(Crawled caption data)
──────────────────────────────

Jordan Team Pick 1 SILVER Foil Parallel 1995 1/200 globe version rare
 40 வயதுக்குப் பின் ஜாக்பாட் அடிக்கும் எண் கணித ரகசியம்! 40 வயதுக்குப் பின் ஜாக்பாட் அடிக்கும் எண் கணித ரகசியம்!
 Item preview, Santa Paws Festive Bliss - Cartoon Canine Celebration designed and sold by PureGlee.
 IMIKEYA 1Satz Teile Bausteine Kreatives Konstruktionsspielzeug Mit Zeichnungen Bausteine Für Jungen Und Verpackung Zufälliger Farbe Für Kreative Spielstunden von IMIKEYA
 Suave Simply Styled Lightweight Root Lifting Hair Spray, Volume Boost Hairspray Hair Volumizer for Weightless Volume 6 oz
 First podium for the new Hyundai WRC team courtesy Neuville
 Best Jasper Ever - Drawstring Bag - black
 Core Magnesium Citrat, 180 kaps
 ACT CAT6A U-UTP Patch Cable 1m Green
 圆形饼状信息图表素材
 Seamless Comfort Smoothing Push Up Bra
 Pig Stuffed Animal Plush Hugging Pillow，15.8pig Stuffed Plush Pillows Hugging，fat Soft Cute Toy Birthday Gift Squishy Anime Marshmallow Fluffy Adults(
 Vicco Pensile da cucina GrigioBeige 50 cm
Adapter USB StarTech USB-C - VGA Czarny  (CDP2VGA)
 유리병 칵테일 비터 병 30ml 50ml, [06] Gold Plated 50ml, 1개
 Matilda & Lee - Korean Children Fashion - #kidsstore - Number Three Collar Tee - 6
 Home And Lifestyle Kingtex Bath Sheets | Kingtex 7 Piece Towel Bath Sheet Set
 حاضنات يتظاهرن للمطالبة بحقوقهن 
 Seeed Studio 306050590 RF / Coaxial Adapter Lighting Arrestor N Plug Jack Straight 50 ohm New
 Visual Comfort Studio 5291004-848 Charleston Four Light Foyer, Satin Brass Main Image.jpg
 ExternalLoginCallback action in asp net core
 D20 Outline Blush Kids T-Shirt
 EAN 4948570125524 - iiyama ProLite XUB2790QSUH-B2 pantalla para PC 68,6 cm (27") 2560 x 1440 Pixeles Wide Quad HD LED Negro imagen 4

──────────────────────────────

--- Exercise aim ---
Scan the data above for the word "Studio" and report every line where it is found.

--- The completed task ---
 Seeed Studio 306050590 RF / Coaxial Adapter Lighting Arrestor N Plug Jack Straight 50 ohm New
 Visual Comfort Studio 5291004-848 Charleston Four Light Foyer, Satin Brass Main Image.jpg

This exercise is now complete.